(Beginning of Supplied material)

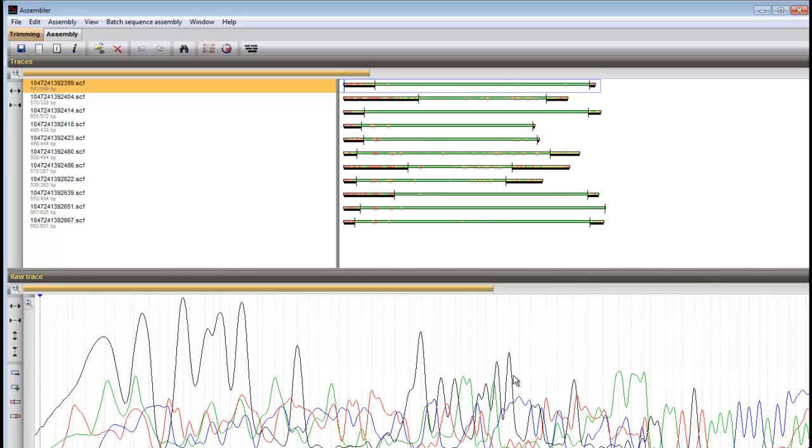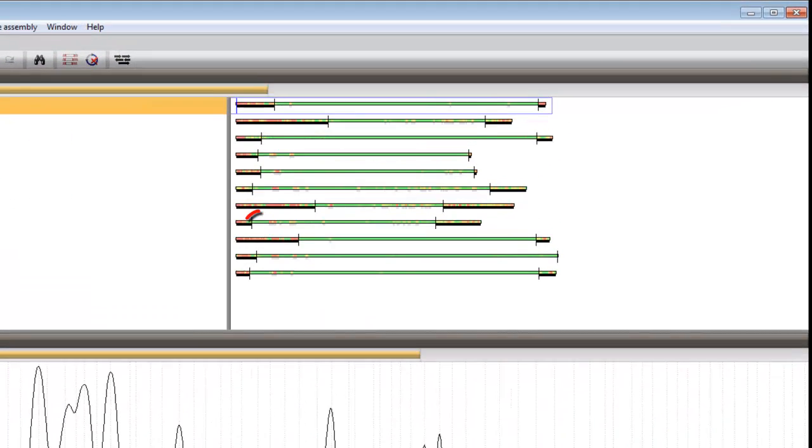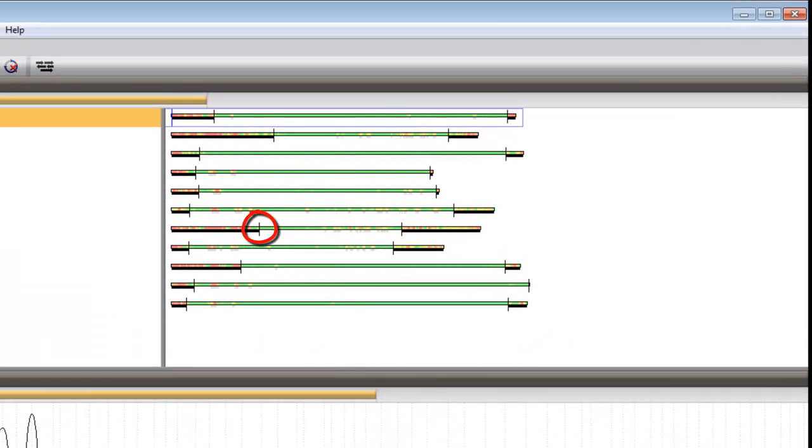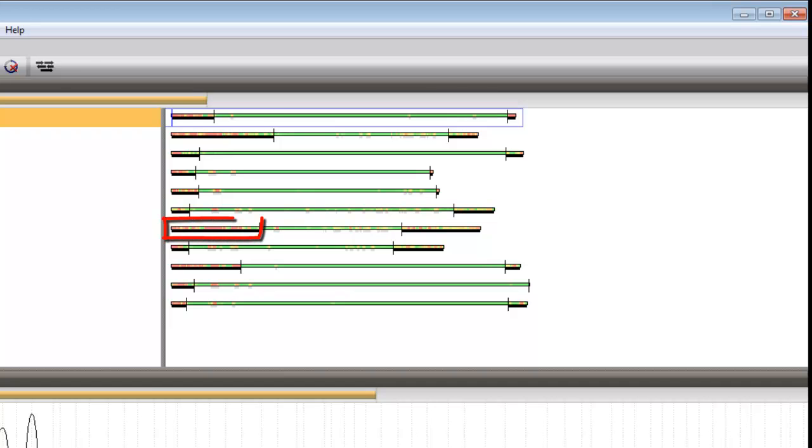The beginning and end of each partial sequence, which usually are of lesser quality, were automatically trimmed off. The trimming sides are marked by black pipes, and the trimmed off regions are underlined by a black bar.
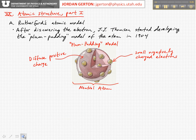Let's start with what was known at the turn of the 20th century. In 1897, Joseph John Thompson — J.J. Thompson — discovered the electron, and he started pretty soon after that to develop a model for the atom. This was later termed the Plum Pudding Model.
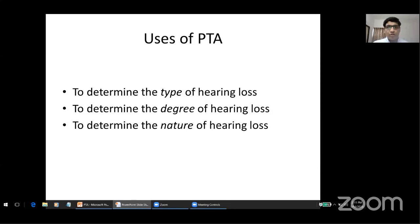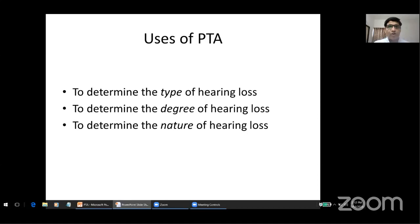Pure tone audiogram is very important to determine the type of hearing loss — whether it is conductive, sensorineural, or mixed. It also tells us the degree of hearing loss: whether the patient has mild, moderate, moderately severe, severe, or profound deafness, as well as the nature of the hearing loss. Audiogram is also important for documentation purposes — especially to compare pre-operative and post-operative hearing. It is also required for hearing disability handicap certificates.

(End of Supplied material)
(Beginning of Supplied material)

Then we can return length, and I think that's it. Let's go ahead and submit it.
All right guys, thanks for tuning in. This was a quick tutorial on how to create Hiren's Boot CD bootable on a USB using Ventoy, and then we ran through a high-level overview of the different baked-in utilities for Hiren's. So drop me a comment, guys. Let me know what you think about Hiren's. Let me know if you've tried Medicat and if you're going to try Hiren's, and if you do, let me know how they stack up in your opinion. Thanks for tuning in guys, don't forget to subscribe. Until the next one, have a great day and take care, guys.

(End of Supplied material)

[Problem to work on] Return exactly the part of the listing above that opens with the line containing "The beginning and" and closes with the line containing "Pure tone audiogram". Pictures stay out.

[Answer]
The beginning and end of each partial sequence, which usually are of lesser quality, were automatically trimmed off. The trimming sides are marked by black pipes, and the trimmed off regions are underlined by a black bar.
Let's start with what was known at the turn of the 20th century. In 1897, Joseph John Thompson — J.J. Thompson — discovered the electron, and he started pretty soon after that to develop a model for the atom. This was later termed the Plum Pudding Model.
Pure tone audiogram is very important to determine the type of hearing loss — whether it is conductive, sensorineural, or mixed. It also tells us the degree of hearing loss: whether the patient has mild, moderate, moderately severe, severe, or profound deafness, as well as the nature of the hearing loss. Audiogram is also important for documentation purposes — especially to compare pre-operative and post-operative hearing. It is also required for hearing disability handicap certificates.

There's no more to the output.